Short web captions
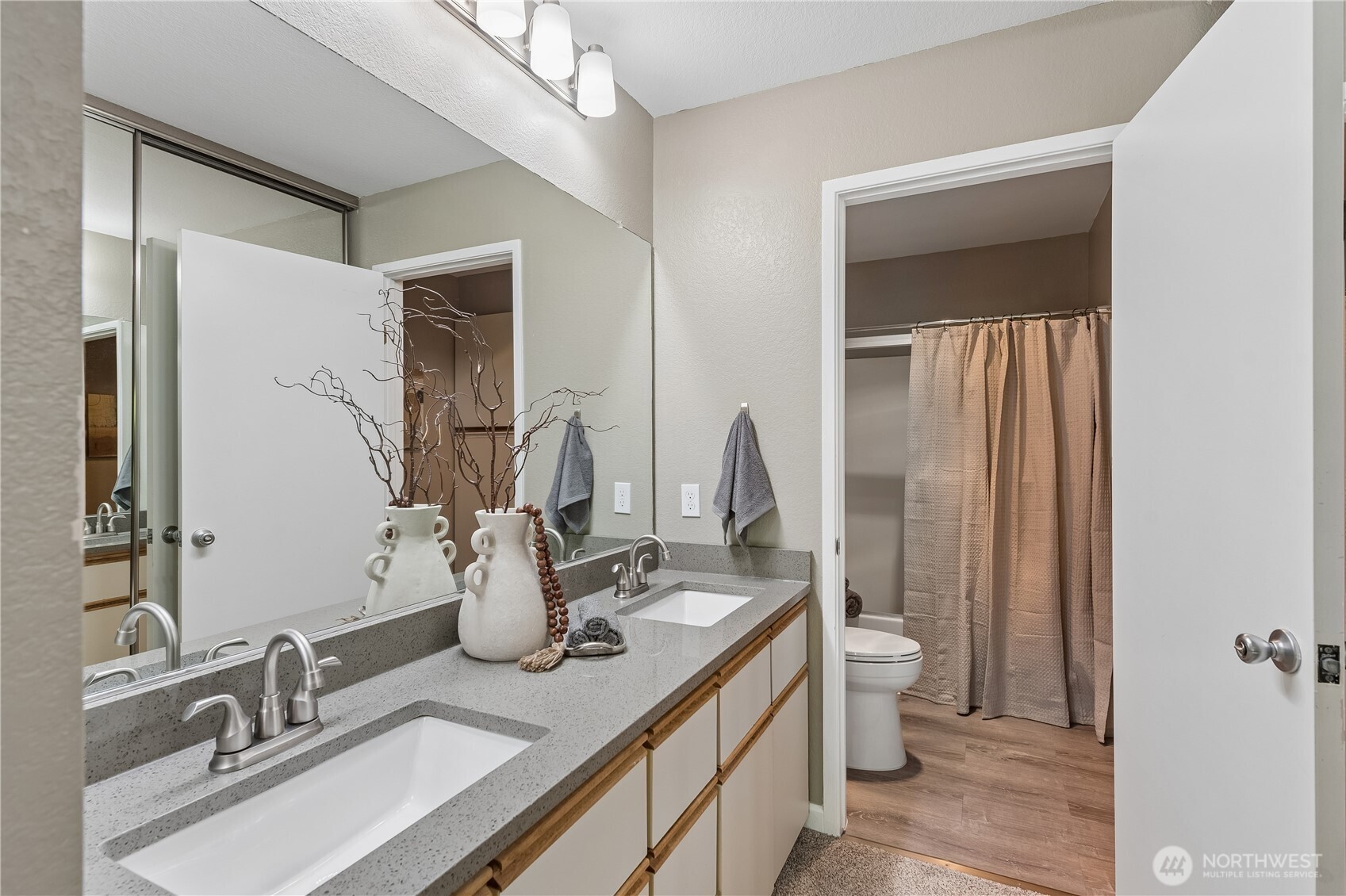 1380 Bellevue Way NE Unit: 4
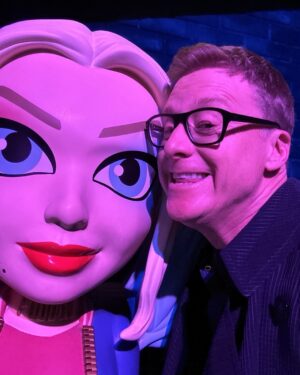Alan Tudyk Instagram - Ran into Harley at FUNKO - got a little too close and she kicked me in the nards #friends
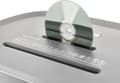 Pikkukuva 4 / 11: Dahle® PaperSAFE 240 - Paperisilppuri - 4x12 mm silppuri - 25 litran keräilyalusta - Arkkeja max 10 kpl - P4 - Niittejä pankkikortteja paperiliittimiä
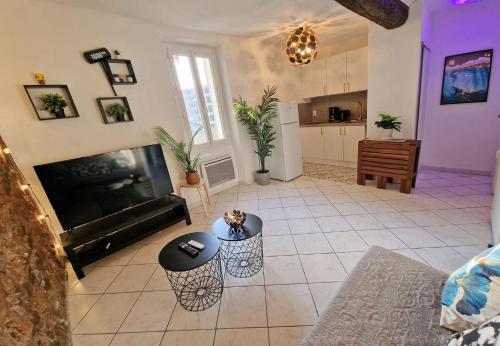 GregBnb-com - T2 Design 30m² - Ouest - Location saisonnière - Toulon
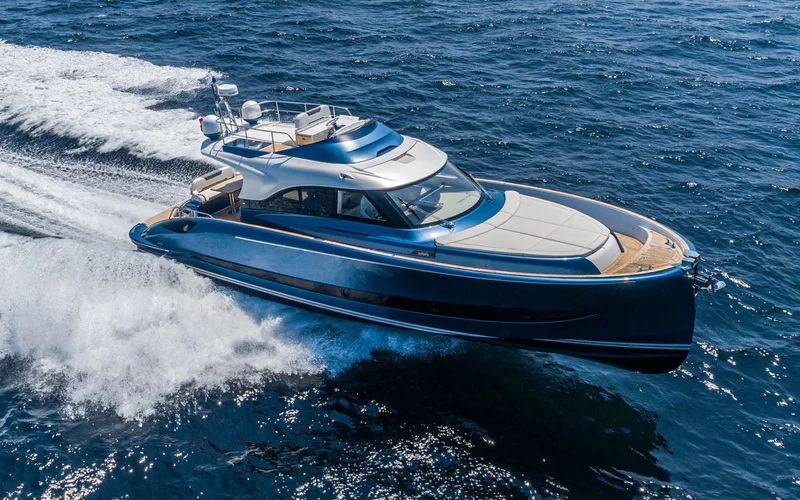 Solaris Power Yachts 48 Flybridge — photo 3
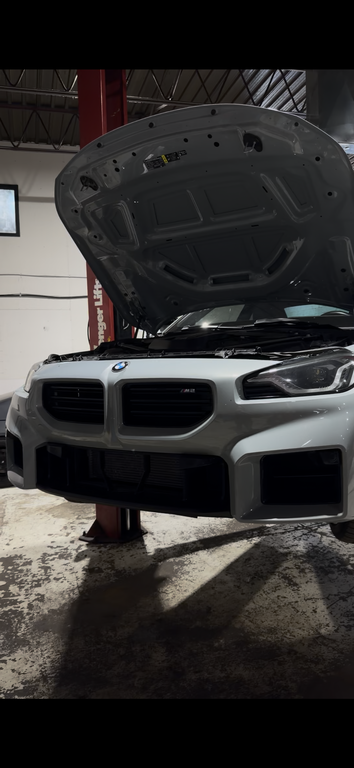 Véhicule dans l'atelier du garage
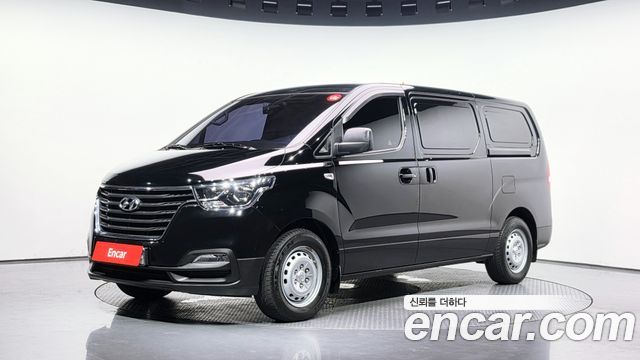 Hyundai Grand Starex Van 3-Seater Style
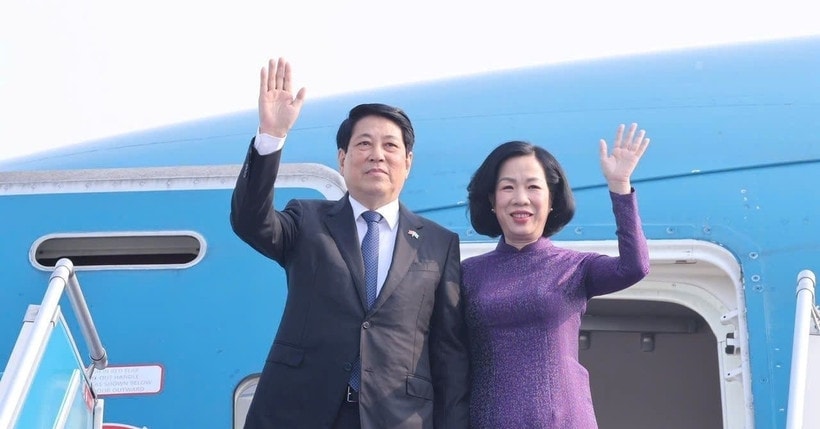 Chủ tịch nước và Phu nhân lên đường tới Mỹ, dự phiên họp của Liên hợp quốc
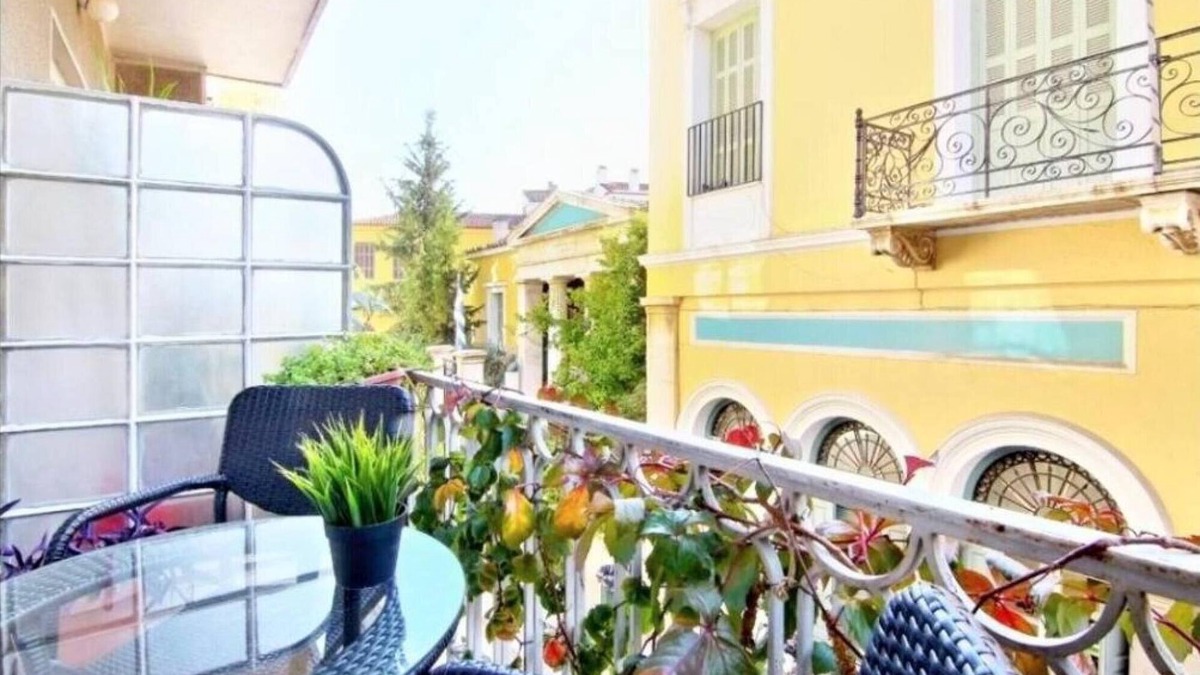Plaka Apartment | Magnificent apartment in Plaka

■ PROBLEM DETAILS
Output every entry above verbatim, but leave out the pictures.

■ ANSWER TO THIS EXERCISE
 1380 Bellevue Way NE Unit: 4
Alan Tudyk Instagram - Ran into Harley at FUNKO - got a little too close and she kicked me in the nards #friends
 Pikkukuva 4 / 11: Dahle® PaperSAFE 240 - Paperisilppuri - 4x12 mm silppuri - 25 litran keräilyalusta - Arkkeja max 10 kpl - P4 - Niittejä pankkikortteja paperiliittimiä
 GregBnb-com - T2 Design 30m² - Ouest - Location saisonnière - Toulon
 Solaris Power Yachts 48 Flybridge — photo 3
 Véhicule dans l'atelier du garage
 Hyundai Grand Starex Van 3-Seater Style
 Chủ tịch nước và Phu nhân lên đường tới Mỹ, dự phiên họp của Liên hợp quốc
Plaka Apartment | Magnificent apartment in Plaka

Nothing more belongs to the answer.